As it is improbable that they had sought for Jesus for two or three days without going to the temple, the three days must certainly date from the time of separation. The first was occupied with the journey, the second with the return, and the third with the meeting.

Lightfoot, following the Talmud, mentions three synagogues within the temple enclosure: one at the gate of the court of the Gentiles; another at the entrance of the court of the Israelites; a third in the famous peristyle lischchat hagasith, in the S.E. part of the inner court. It was there that the Rabbins explained the law. Desire for instruction led Jesus thither. The following narrative in no way attributes to Him the part of a doctor. In order to find support for this sense in opposition to the text, some critics have alleged the detail: seated in the midst of the doctors. The disciples, it is said, listened around. This opinion has been refuted by Vitringa; and Paul's expression (Acts 22:3), seated at the feet of Gamaliel, would be sufficient to prove the contrary. Nevertheless the expression, seated in the midst of the doctors, proves no doubt that the child was for the time occupying a place of honour. As the Rabbinical method of teaching was by questions, by proposing, for example, a problem taken from the law, both master and disciples had an opportunity of showing their sagacity. Jesus had given some remarkable answer, or put some original question; and, as is the case when a particularly intelligent pupil presents himself, He had attracted for the moment all the interest of His teachers. There is nothing in the narrative, when rightly understood, that savours in the least of an apotheosis of Jesus. The expressions, hearing them, and asking them questions, bear in a precisely opposite direction. Josephus, in his autobiography (c. i.), mentions a very similar fact respecting his own youth. When he was only fourteen years of age, the priests and eminent men of Jerusalem came to question him on the explanation of the law. The apocryphal writings make Jesus on this occasion a professor possessing omniscience. There we have the legend grafted on the fact so simply related by the evangelist. Σύνεσις, understanding, is the personal quality of which the answers, ἀποκρίσεις, are the manifestations.

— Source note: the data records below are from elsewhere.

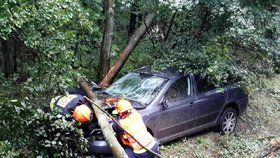 (ilustrační foto) Auto na Jindřichohradecku narazilo do stromu: Spolujezdkyně zemřela, řidička je ve vážném stavu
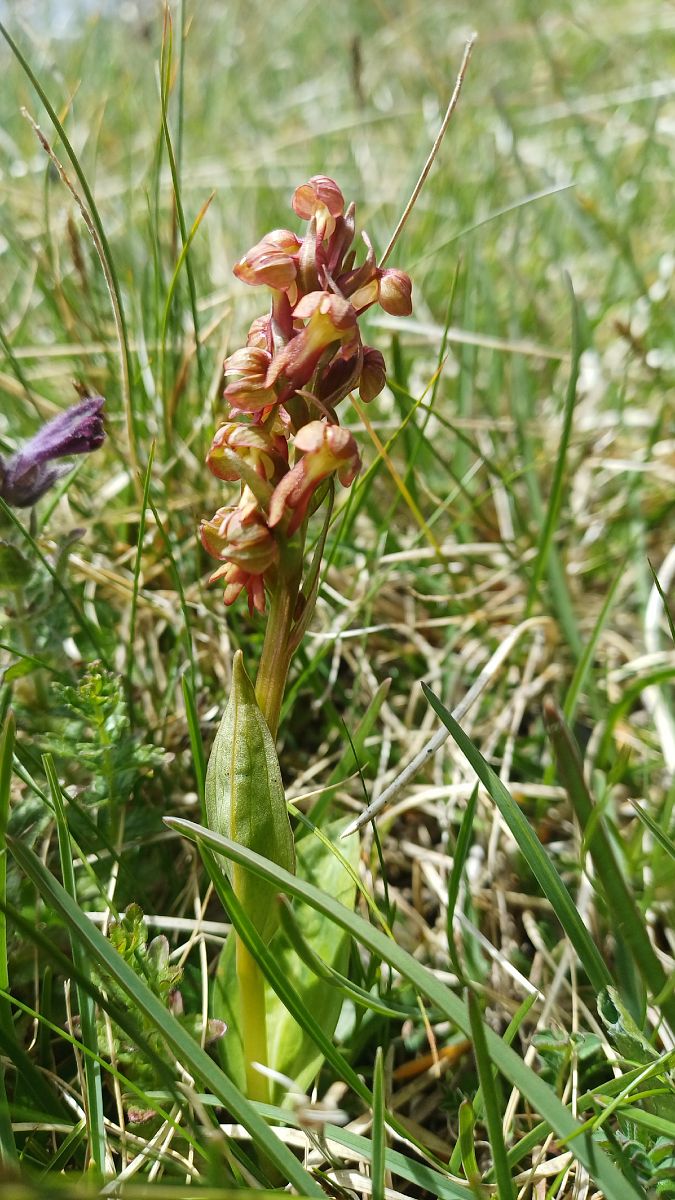 Coeloglossum viride  - Angelo Sinuello (FVG)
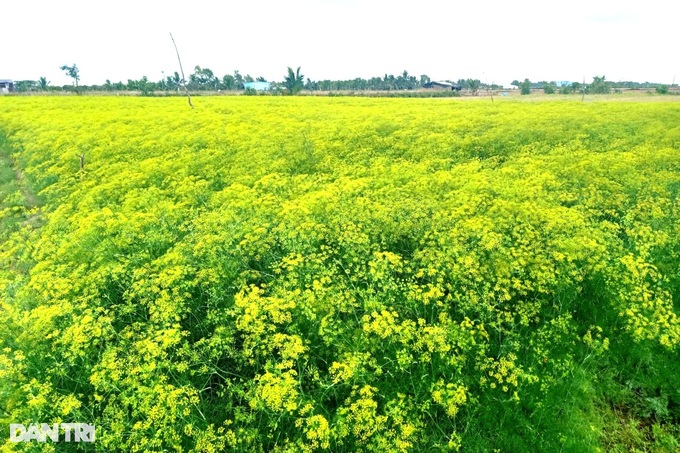 Planting bright yellow flowers for seeds in the land of Duke of Bac Lieu, a capital earns ten profits - 2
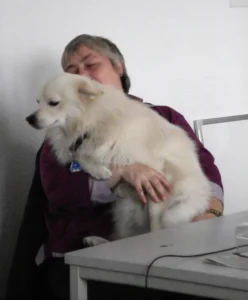 Hundeschule mal anders. . .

The surprise of His parents proves that Jesus habitually observed a humble reserve.

There is a slight tone of reproach in the words of Mary. She probably wished to justify herself for the apparent negligence of which she was guilty. Criticism is surprised at the uneasiness expressed by Mary; did she not know who this child was? Criticism reasons as if the human heart worked according to logic.

To the indirect reproach of Mary, Jesus replies in such words as she had never heard from Him before: Wherefore did ye seek me? He does not mean, “You could very well leave me at Jerusalem.” The literal translation is: “What is it, that you sought me?” And the implied answer is: “To seek for me thus was an inadvertence on your part. It should have occurred to you at once that you would find me here.” The sequel explains why.

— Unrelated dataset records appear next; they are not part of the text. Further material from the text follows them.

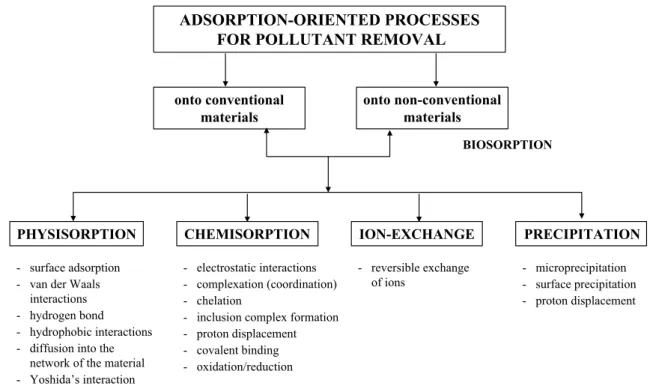 Fig. 5    Classification of pollutant adsorption mechanisms according to Crini (2005, 2006) and Crini and Badot (2007)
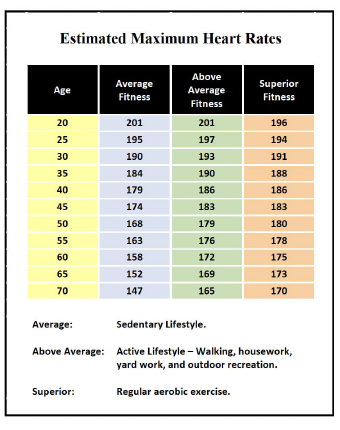 Estimated maximum heart rates by age and fitness level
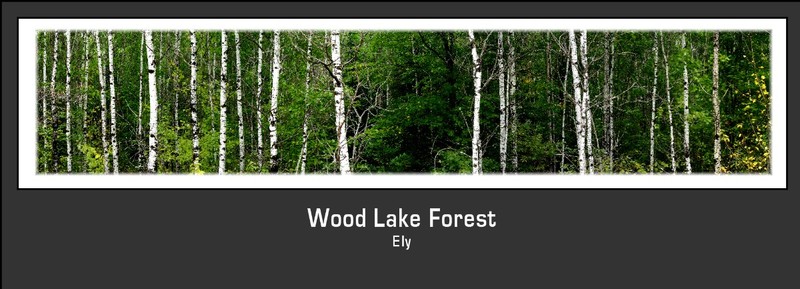 Wood Lake Forest.jpg
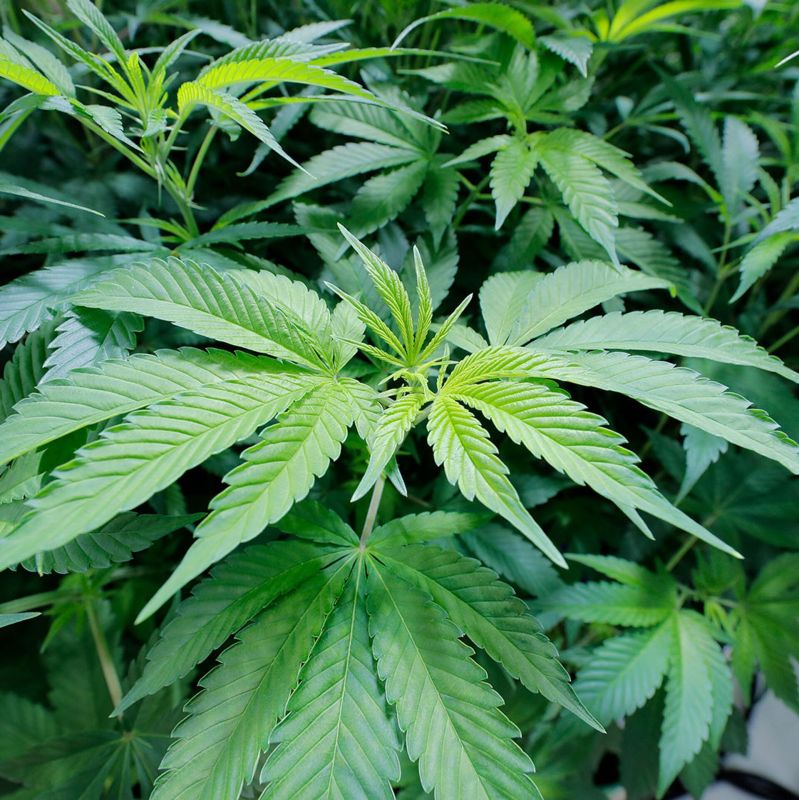 � ���������� ������� ���������� ������������������ ������� ������� ��� �������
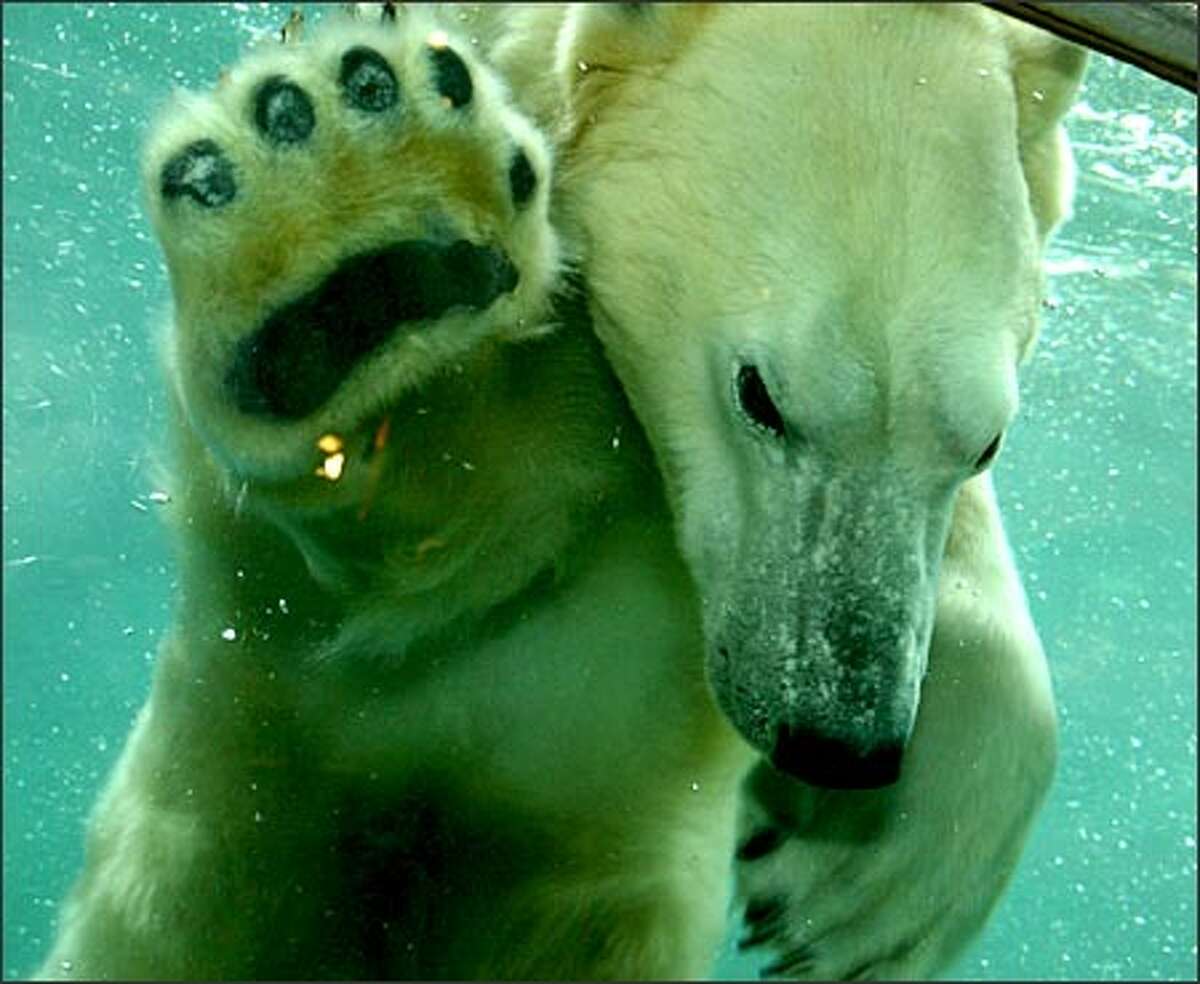 2 polar bears seized at circus head to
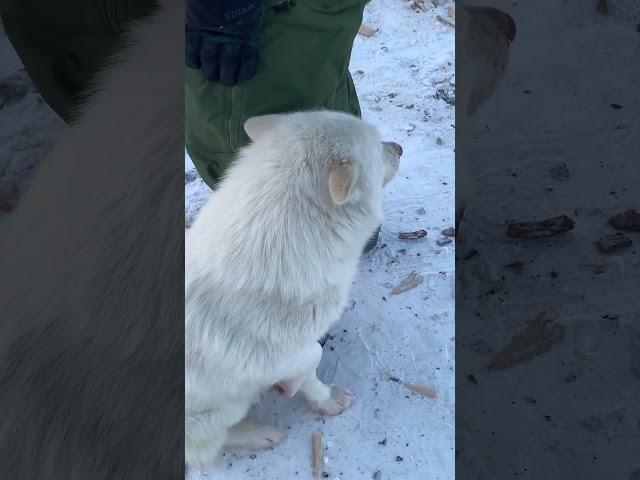Как собаки оленеводов греются на морозе в тундре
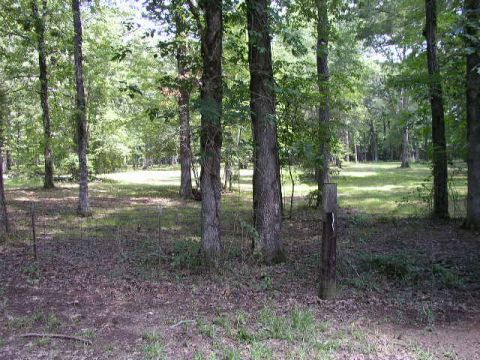 1995 Ford Bronco - A view of a wooded area with a fence and a post.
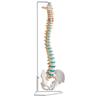 Columna vertebral flexible con soporte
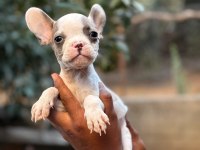 A KALİTE FRANSIZ BULLDOG YAVRULARIMIZ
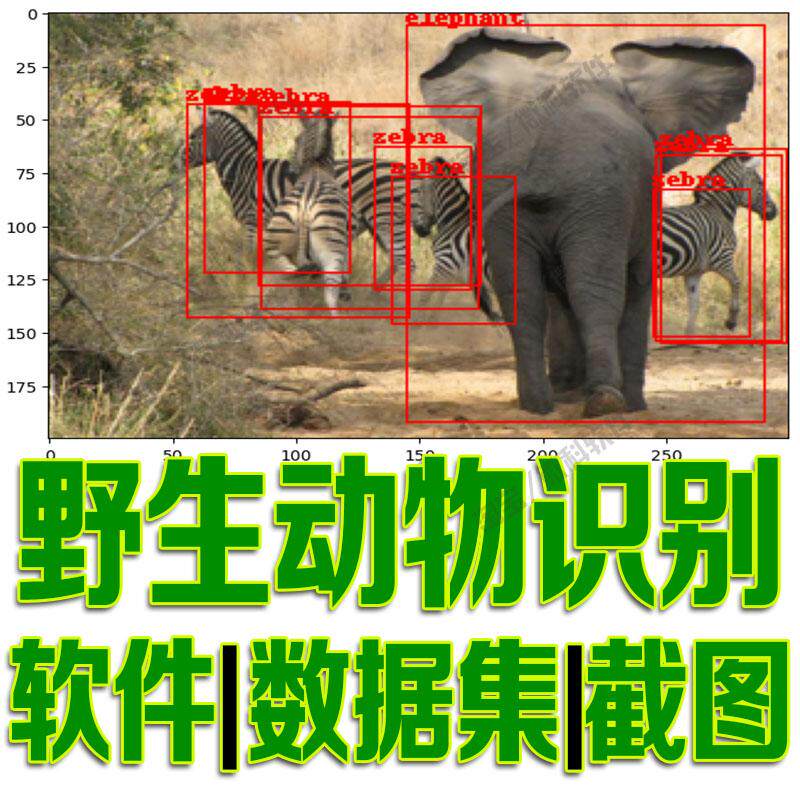 非洲野生动物检测数据集yolo训练标注voc机器深度自动识别python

The phrase τί ὅτι is found in Acts 5:9. Οὐκ ἤδειτε, did ye not know? not, do ye not know? The expression τὰ τοῦ πατρός μου may, according to Greek usage, have either a local meaning, the house of, or a moral, the affairs of. The former sense is required by the idea of seeking; and if, nevertheless, we are disposed to adopt the latter as wider, the first must be included in it. “Where my Father's affairs are carried on, there you are sure to find me.”

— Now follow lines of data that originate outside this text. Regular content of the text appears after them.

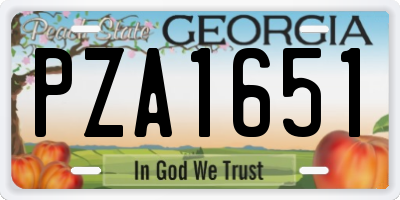 GA license plate PZA1651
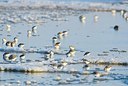BUITEN BEELD Foto: 158596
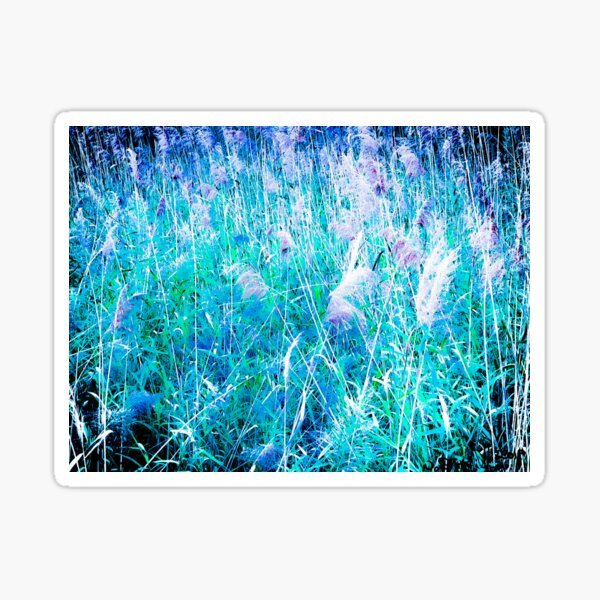 Teals of Marsh Sticker
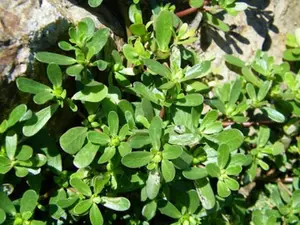 Heirloom Verdolaga Pusley Green Purslane Herb Seeds, 3-Pack x 2000 Open-Pollinated Heirloom Flower Seeds for Home Gardening Fresh Harvest, Open-Pollinated Heirloom Flowers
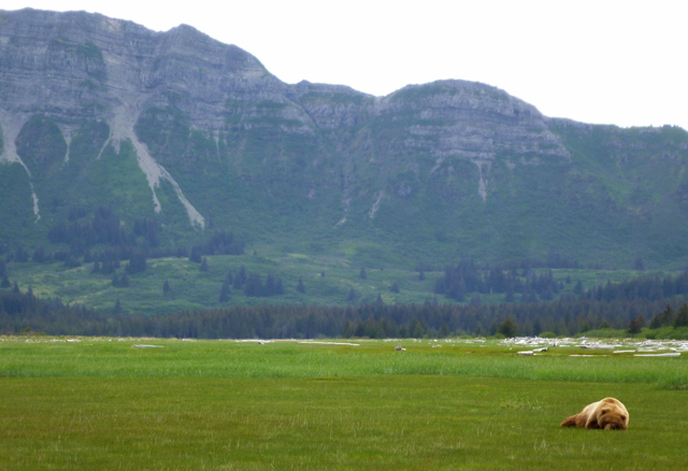 Bear in meadow at Hallo Bay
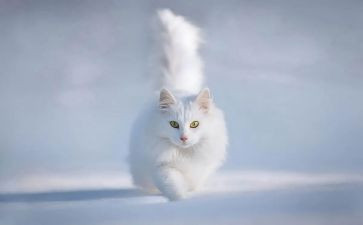 我的猫作文500字参考5篇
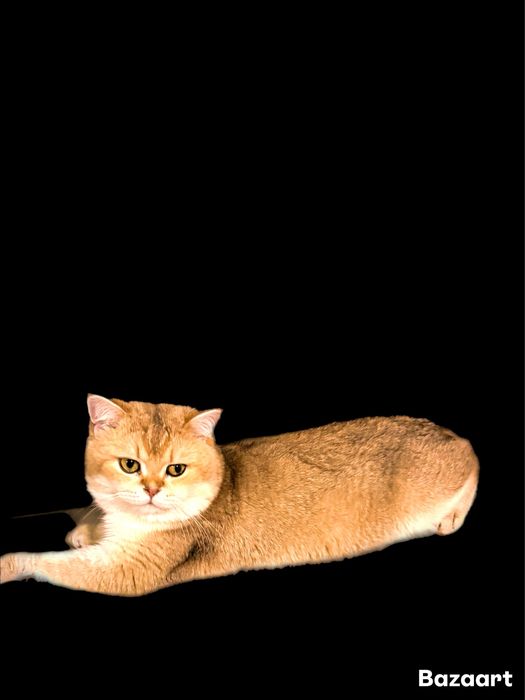 Кот  Золотой  Шиншилла NU 12 чистокровный британец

The expression my Father is dictated to the child by the situation: a child is to be found at his father's. We may add that He could not, without impropriety, have said God's, instead of my Father's; for this would have been to exhibit in a pretentious and affected way the entirely religious character of His ordinary thoughts, and to put Himself forward as a little saint. Lastly, does not this expression contain a delicate but decisive reply to Mary's words, Thy father and I? Any allusion to the Trinitarian relation must, of course, be excluded from the meaning of this saying. But, on the other hand, can the simple notion of moral paternity suffice to express its meaning? Had not Jesus, during those days of isolation, by meditating anew upon the intimacy of His moral relations with God, been brought to regard Him as the sole author of His existence? And was not this the cause of the kind of shudder which He felt at hearing from Mary's lips the word Thy father, to which He immediately replies with a certain ardour of expression, my Father?

That Mary and Joseph should not have been able to understand this speech appears inexplicable to certain critics, to Meyer, for instance, and to Strauss, who infers from this detail that the whole story is untrue. But this word, my Father, was the first revelation of a relation which surpassed all that Judaism had realized; and the expression, “ to be about the business ” of this Father, expressed the ideal of a completely filial life, of an existence entirely devoted to God and divine things, which perhaps at this very time had just arisen in the mind of Jesus, and which we could no more understand than Mary and Joseph, if the life of Jesus had never come before us. It was only by the light Mary received afterwards from the ministry of her Son, that she could say what is here expressed: that she did not understand this saying at the time.

Does not the original source of this narrative discover itself in this remark? From whom else could it emanate, but from Mary herself?